PART IV: CONCLUDING WOKENESS
Once again, I must insist that not all people who align themselves with woke causes are woke in action. Perhaps you sincerely believe in many woke claims. Maybe you’re right; maybe you’re wrong, but if you make your case with humility (i.e. you don’t claim moral infallibility), intellectual integrity (i.e. when two of your positions seem to contradict themselves, you reasonably attempt to reconcile the apparent discrepancy), and humanity (i.e. you don’t aim to destroy anyone who disagrees with you), then I would describe you as a good faith moral reasoner who happens to share some conclusions with woke thinkers. However, if you are dogmatic, intellectually devious, and/or punitive in your defence of a woke position, then I submit that you are being a woke bully, at least in that moment.

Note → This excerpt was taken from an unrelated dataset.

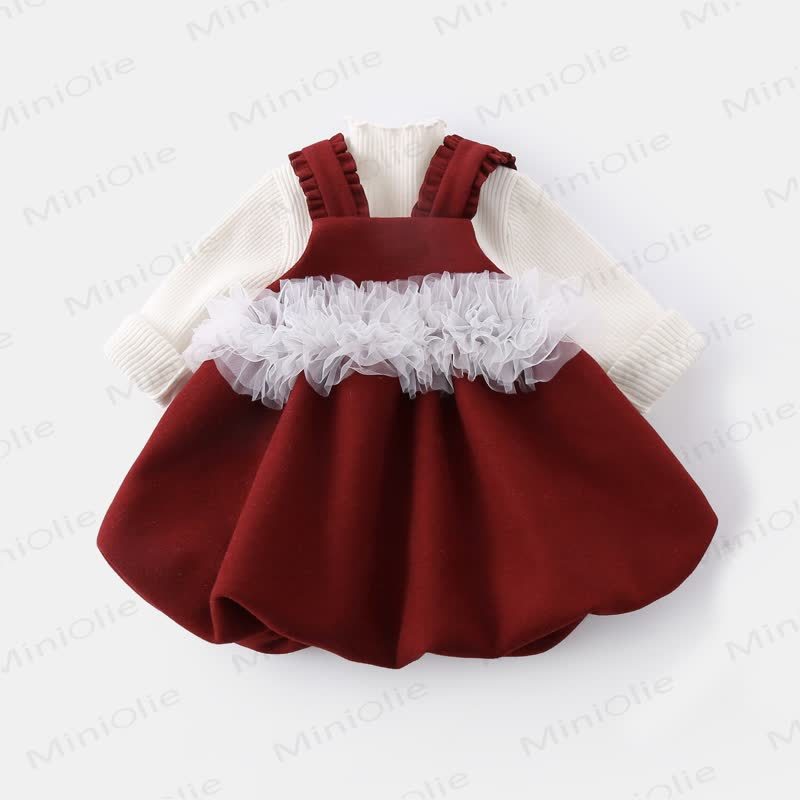 Ärmelloses Kleid für Baby - image 2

As already indicated, uncritical thinking is not exclusive to the woke. Other groups—including the anti-woke—can take on any of the above-listed patterns. However, what makes the woke so scary, in my opinion, is that even though it is only a minority of people who advocate its teachings, a super majority of us are afraid of its power to punish us. Consider woke’s forename, political correctness. As the description suggests, it is not necessarily providing morally correct insights, but instead politically useful offerings (i.e. maxims that we’d best assent to if we want to politically flourish), regardless of our moral objections to them.
I think it is imperative (when safe to do so) to point out occasions where woke advocates are being dogmatic, intellectually dishonest, and hostile. If, for instance, they racially profile someone as racist, we should ask them if they can see into the mind of the accused. If they respond by noting they are using their “lived experience” to infer bigotry, we should ask them exactly how that standard of assessment is different from bigotry itself. If they point out they cannot be bigoted, because bigotry equals prejudice plus power, we should ask them if there is any greater power than the option to be prejudiced without being criticized for it.